--- The task ---
Word for word, transcribe the data below from the line with "Systems Design Report" to the line with "カリフォルニア州オーバーンの空中写真(1887年) ポストカード (正面)", keeping both of those lines.

--- Dataset records ---
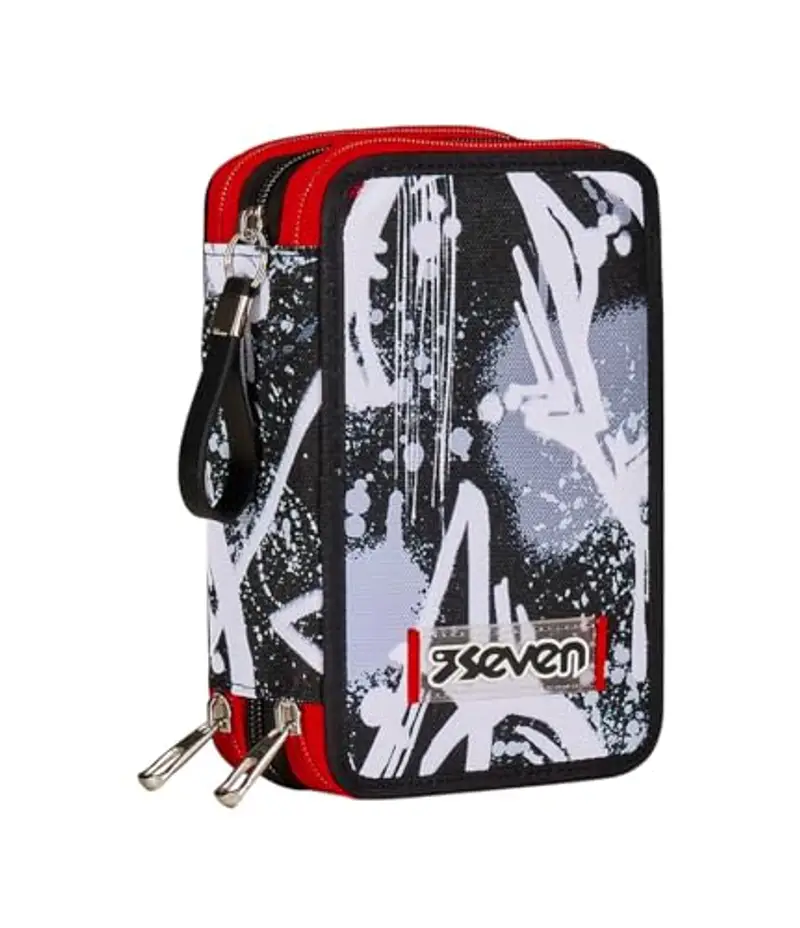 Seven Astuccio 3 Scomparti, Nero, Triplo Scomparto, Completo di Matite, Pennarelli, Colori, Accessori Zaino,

--

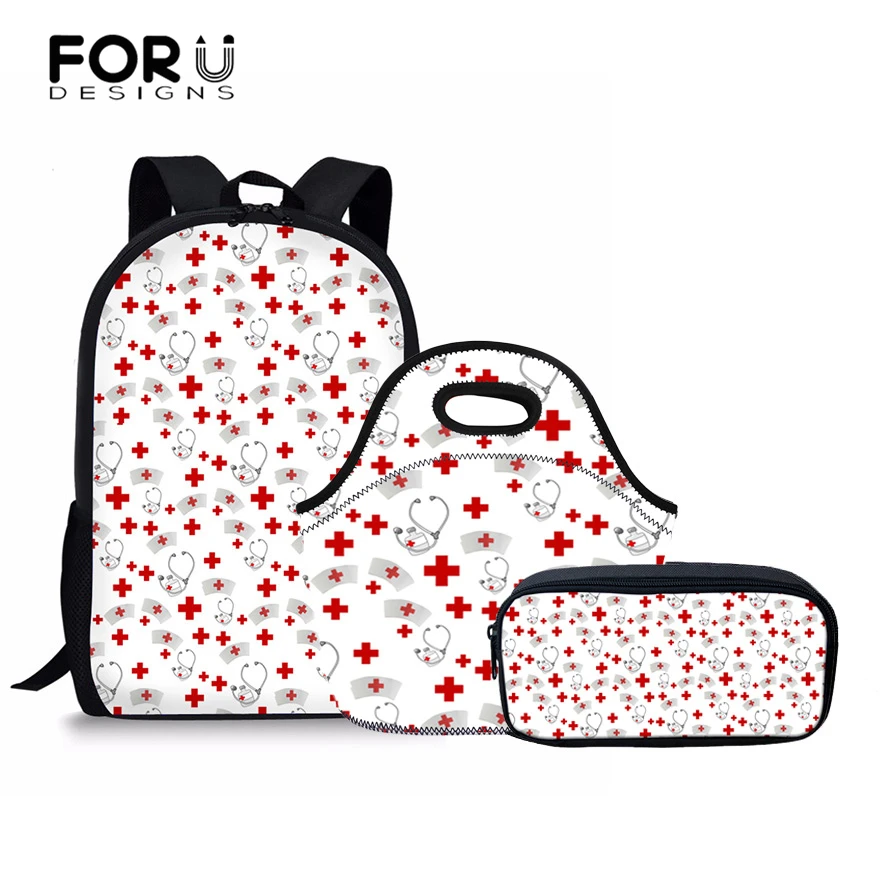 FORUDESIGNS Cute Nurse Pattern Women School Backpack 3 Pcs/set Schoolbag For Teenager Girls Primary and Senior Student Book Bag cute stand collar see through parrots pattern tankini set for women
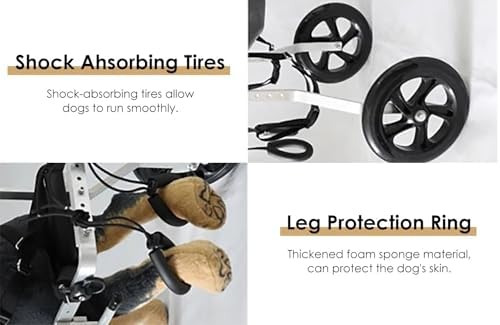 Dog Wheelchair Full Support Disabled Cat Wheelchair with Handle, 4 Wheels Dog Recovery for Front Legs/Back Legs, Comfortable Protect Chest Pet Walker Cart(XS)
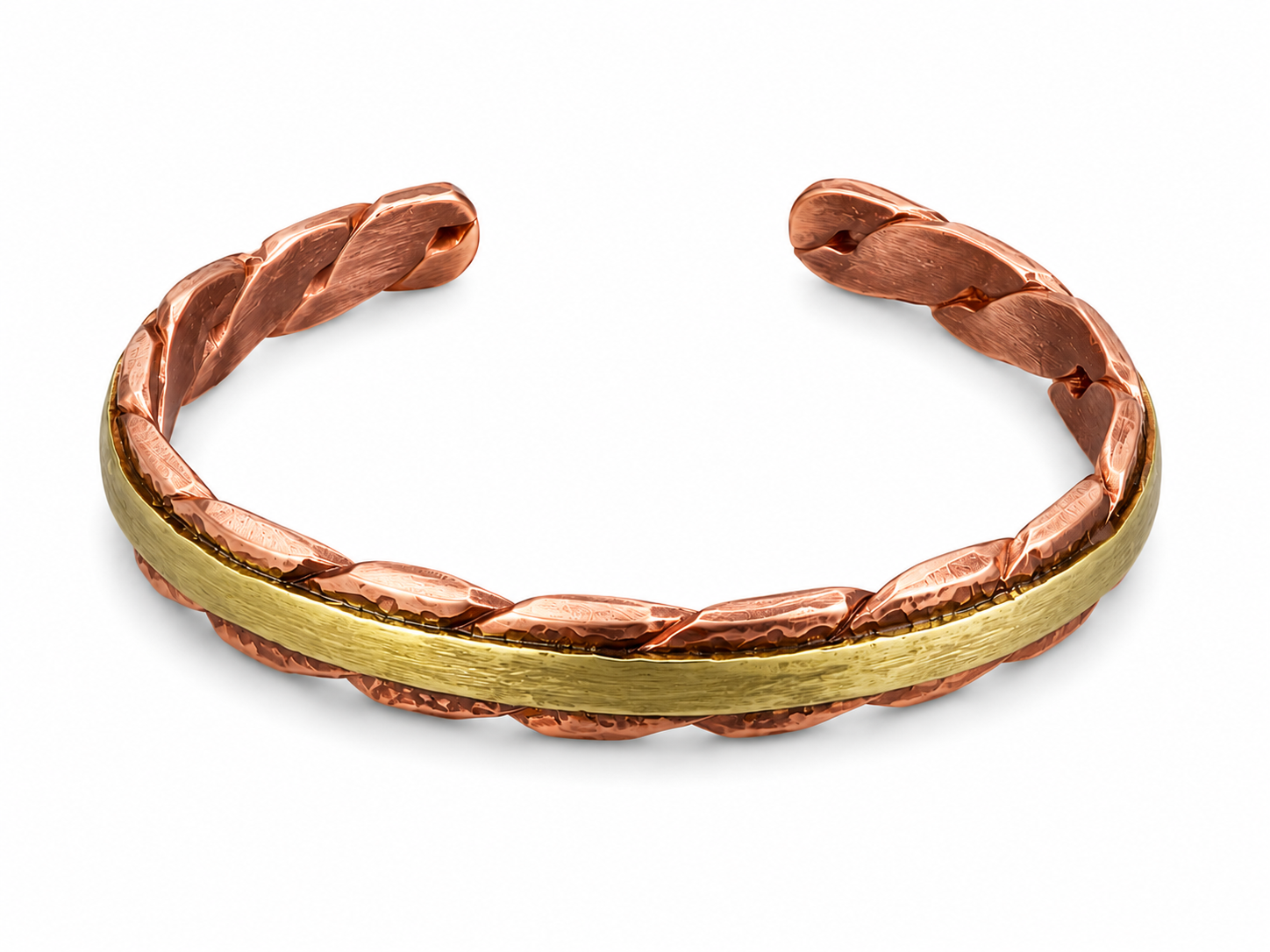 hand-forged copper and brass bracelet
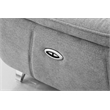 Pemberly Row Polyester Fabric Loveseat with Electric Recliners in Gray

--

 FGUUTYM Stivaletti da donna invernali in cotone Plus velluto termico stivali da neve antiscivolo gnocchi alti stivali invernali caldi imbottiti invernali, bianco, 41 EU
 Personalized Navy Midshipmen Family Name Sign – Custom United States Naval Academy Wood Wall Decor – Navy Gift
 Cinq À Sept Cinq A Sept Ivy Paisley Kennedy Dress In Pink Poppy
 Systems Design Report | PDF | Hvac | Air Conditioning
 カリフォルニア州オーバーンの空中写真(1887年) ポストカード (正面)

--- Output of the task ---
 Systems Design Report | PDF | Hvac | Air Conditioning
 カリフォルニア州オーバーンの空中写真(1887年) ポストカード (正面)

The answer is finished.